### TASK ITEM
Write down the listing again exactly as it appears below, without its pictures.

### ENTRIES PROVIDED
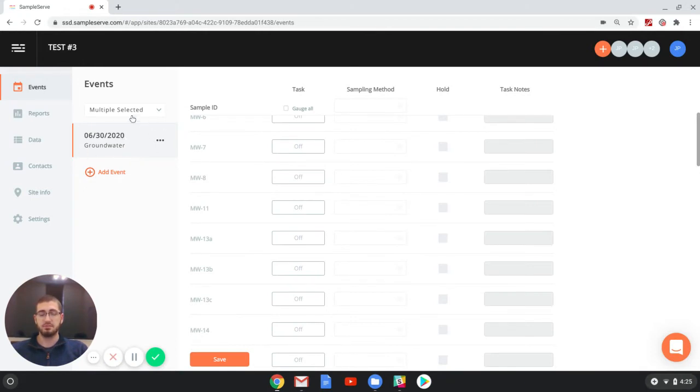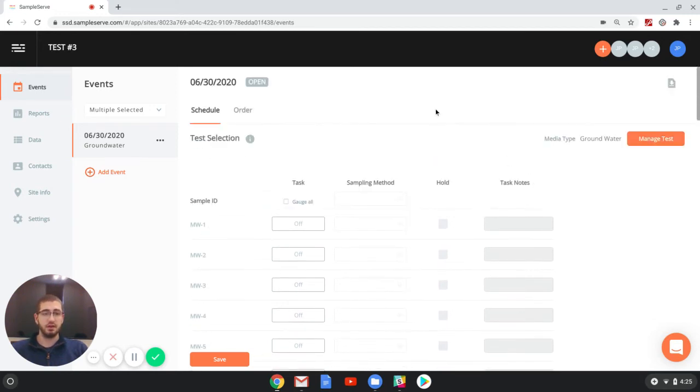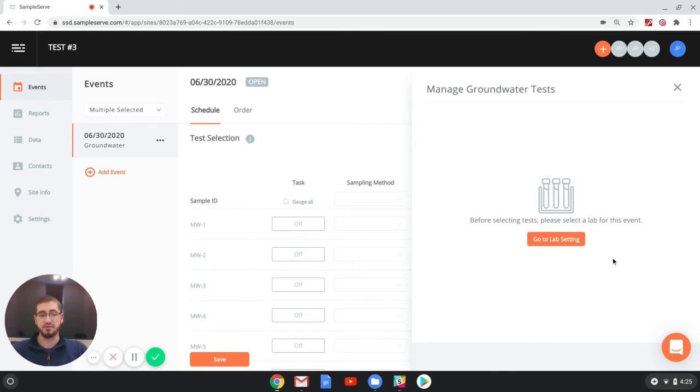So I have this project that's set up for June 30th, and if I want to go in to select a test for the sample event, it'll say that you need to select a lab before you do any management of tests.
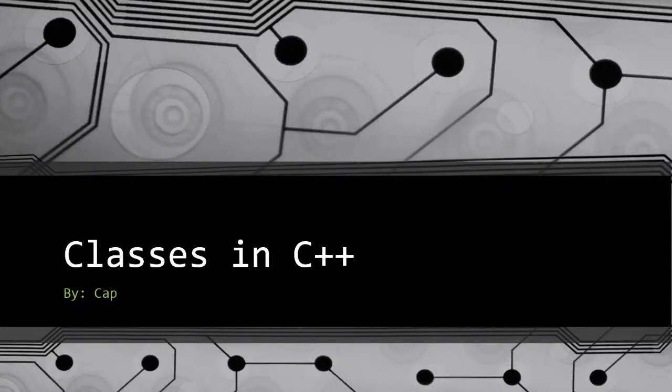Hello everybody, this is Cap of Codicalism, and I would like to welcome you to the 12th video in my beginners C++ tutorial series.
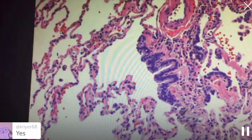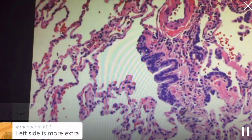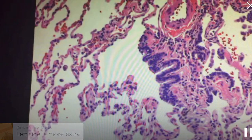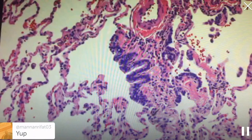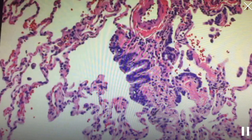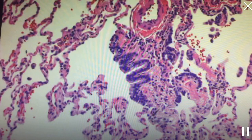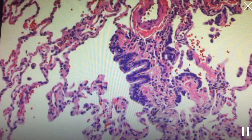So what we've got here — does anybody know? Riffat, do you know, or Kalyani? What is this structure that I'm so enamored by? There is a small blood vessel here and then there's a thing next to it. So in the lung, there's always a blood vessel and something that runs together. This is actually called a bronchovascular bundle, and the structure that I am really enamored by is this thing called a respiratory bronchiole.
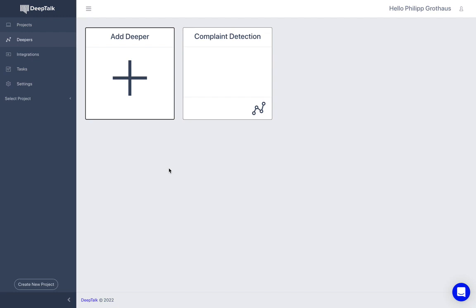A Deeper is a model that can help you find exactly those expressions in text data that you're looking for. It can detect complaints for you. It can detect sales opportunities for you.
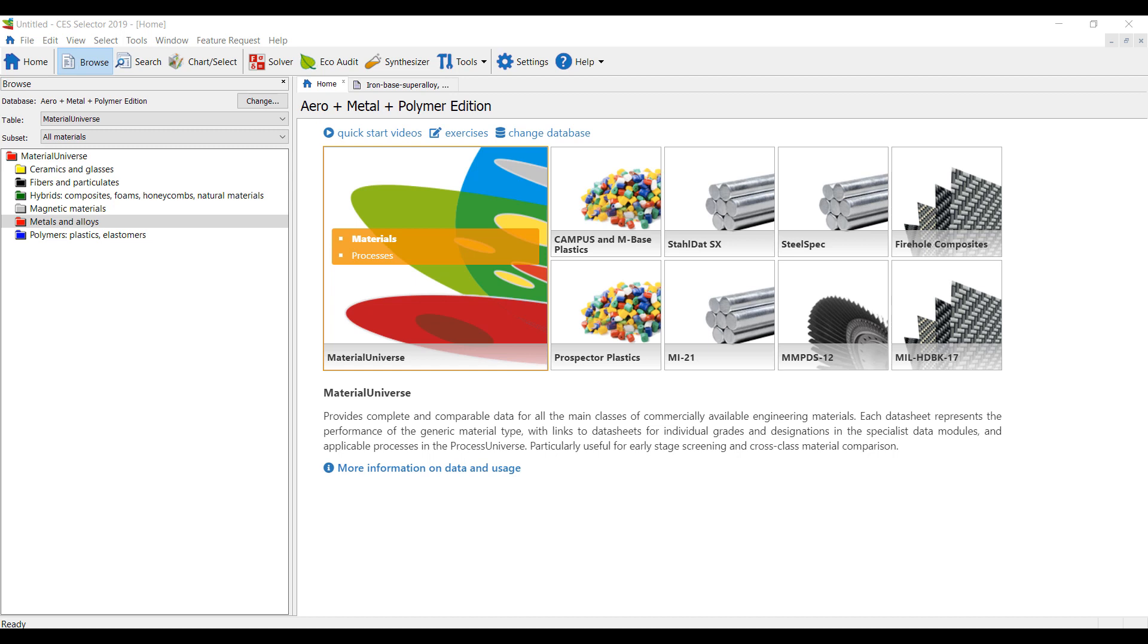Hi everybody, this is Ming Yao from Singularity Engineering. Today I'm playing with a new toy, Granta CES Selector.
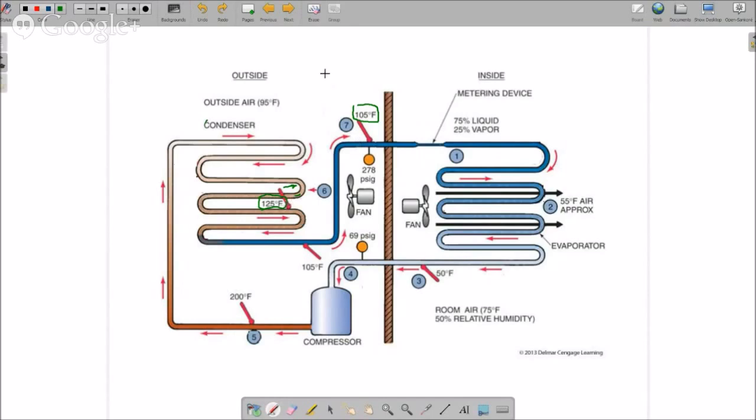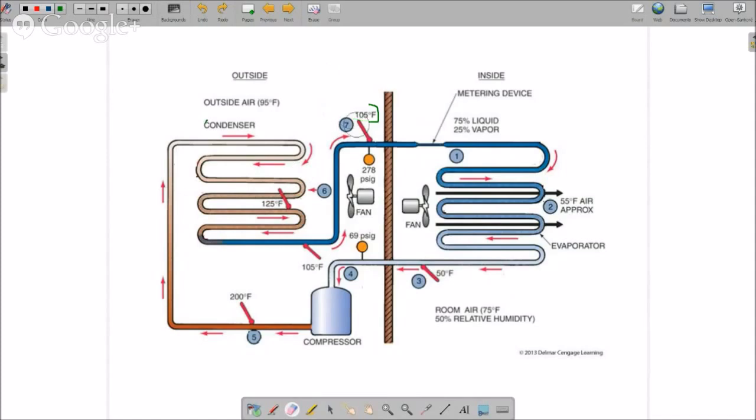In this example we have 20 degrees of subcooling on the system, and that is a properly charged system. Manufacturers are different, and this ensures we have a solid column of liquid hitting the metering device and this is operating properly.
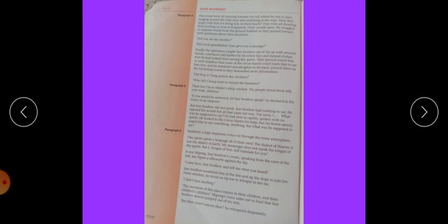Son's Vello scrambled free of the kite and up the slope to join her, panic stricken. Panic stricken means khauf zaari hona. He stood on tiptoe to whisper in her ear. I did not hear anything. But Mipping rejoiced. Rejoice means khush hona.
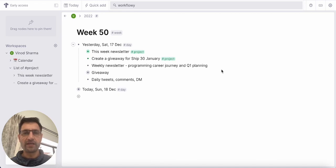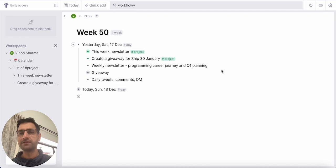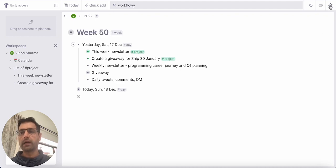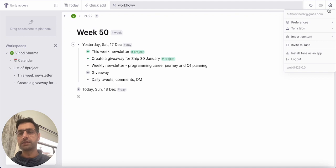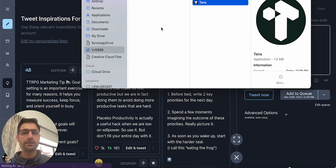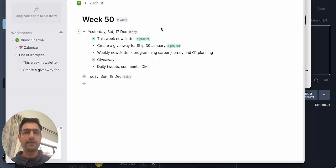I got an invite for Thana and this is an amazing app. In this quick video I will show how you can install the Thana app. It's a Chrome extension that you could just click and install.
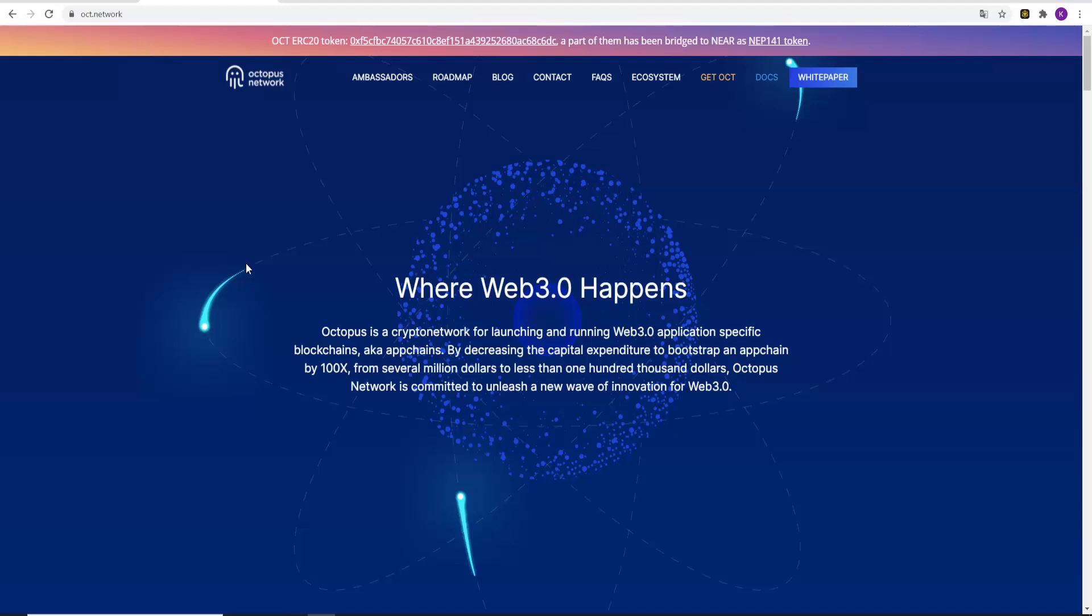Hello guys, it's Cryptoyogy and today I want to introduce you to a new very amazing project which is of course Octopus Network. Octopus is a crypto network for launching and running Web 3.0 application specific blockchains, aka appchains, by decreasing the capital expenditure to bootstrap an appchain by 100x from several million dollars to less than one hundred thousand dollars. Octopus Network is committed to unleash a new wave of innovation for Web 3.0.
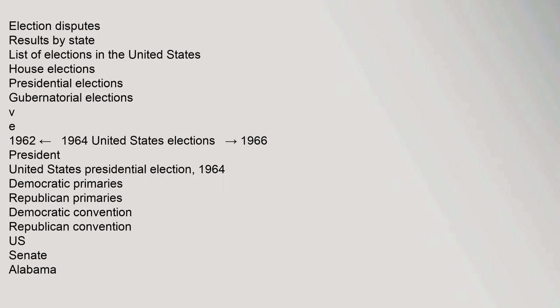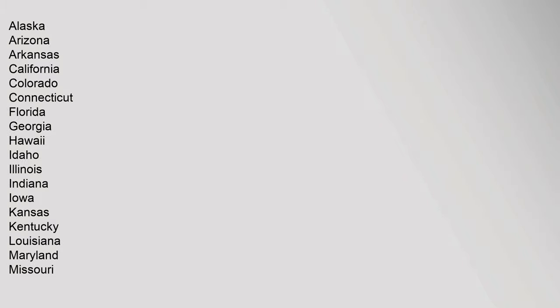Election disputes, results by state, list of elections in the United States, House elections, presidential elections, gubernatorial elections. 1962, 1964, 1966 United States elections. Alabama.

### ANSWER SECTION
So I have this project that's set up for June 30th, and if I want to go in to select a test for the sample event, it'll say that you need to select a lab before you do any management of tests.
Hello everybody, this is Cap of Codicalism, and I would like to welcome you to the 12th video in my beginners C++ tutorial series.
So what we've got here — does anybody know? Riffat, do you know, or Kalyani? What is this structure that I'm so enamored by? There is a small blood vessel here and then there's a thing next to it. So in the lung, there's always a blood vessel and something that runs together. This is actually called a bronchovascular bundle, and the structure that I am really enamored by is this thing called a respiratory bronchiole.
A Deeper is a model that can help you find exactly those expressions in text data that you're looking for. It can detect complaints for you. It can detect sales opportunities for you.
Hi everybody, this is Ming Yao from Singularity Engineering. Today I'm playing with a new toy, Granta CES Selector.
In this example we have 20 degrees of subcooling on the system, and that is a properly charged system. Manufacturers are different, and this ensures we have a solid column of liquid hitting the metering device and this is operating properly.
Son's Vello scrambled free of the kite and up the slope to join her, panic stricken. Panic stricken means khauf zaari hona. He stood on tiptoe to whisper in her ear. I did not hear anything. But Mipping rejoiced. Rejoice means khush hona.
I got an invite for Thana and this is an amazing app. In this quick video I will show how you can install the Thana app. It's a Chrome extension that you could just click and install.
Hello guys, it's Cryptoyogy and today I want to introduce you to a new very amazing project which is of course Octopus Network. Octopus is a crypto network for launching and running Web 3.0 application specific blockchains, aka appchains, by decreasing the capital expenditure to bootstrap an appchain by 100x from several million dollars to less than one hundred thousand dollars. Octopus Network is committed to unleash a new wave of innovation for Web 3.0.
Election disputes, results by state, list of elections in the United States, House elections, presidential elections, gubernatorial elections. 1962, 1964, 1966 United States elections. Alabama.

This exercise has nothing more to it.